Why is silver deposition so fast?

Researchers appear to have solved one of electrochemistry’s more baffling mysteries: why it is that metal ions deposit onto an electrode at an apparently unfeasibly fast rate, when the energetics of the system suggest that it should occur at a snail’s pace, if at all. The finding is potentially significant because such electrochemical interactions are key to economically important phenomena such as corrosion.

In solution, metal ions are surrounded by a solvation shell, which must be shed before the ion can join the electrode. This should require a large amount of energy, slowing the reaction down significantly. Additionally, it has been thought that only metals with high energy d-band orbitals can deposit quickly as these provide a powerful electrochemical interaction between the approaching ion and the electrode. The paradoxically rapid deposition of metals such as silver and copper – in which d-band catalysis of deposition does not play a part – has been termed the metal deposition enigma.

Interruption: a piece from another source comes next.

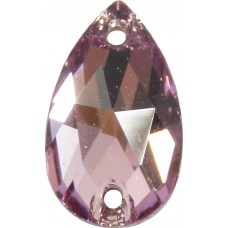 2 Swarovski Crystal Light Amethyst Foiled 12x7mm Flat Back 2 Hole Peardrop  Sew on Stone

‘It was thought that the energy of activation needed by the ion to break free from the solvation shell would be very, very high and impossible to overcome,’ says Wolfgang Schmickler of Ulm University in Germany . ‘It would be like trying to climb the Alps on roller skates.’ But by using density functional theory, molecular dynamics simulations and a theory developed by his own group, Schmickler’s team have shown that small univalent metal ions such as Ag⁺ fit neatly and discretely into the structure of the bulk water. This enables the solvated ion to get much closer to the surface of the electrode than had previously been thought, allowing much greater interaction between the silver on the electrode and the ion in the water.

Secondly the team showed that d-band catalysis of the deposition is not necessary. The approaching Ag ion has a very large 5s orbital, while the metal on the electrode has a large sp orbital. Schmickler says, ‘Essentially, silver simply likes silver. As the ion approaches the surface the overlap of the orbitals is perfect so the electronic interaction is high.’

Alexei Kornyshev, an expert in condensed matter theoretical chemical physics at Imperial College London, says, ‘This is very good work in fundamental electrochemistry that is important for understanding a classical problem in electrochemical science, which has large practical importance.’

The team is now applying the approach to other electrochemical systems with a view to learning more about corrosion at a fundamental atomic level.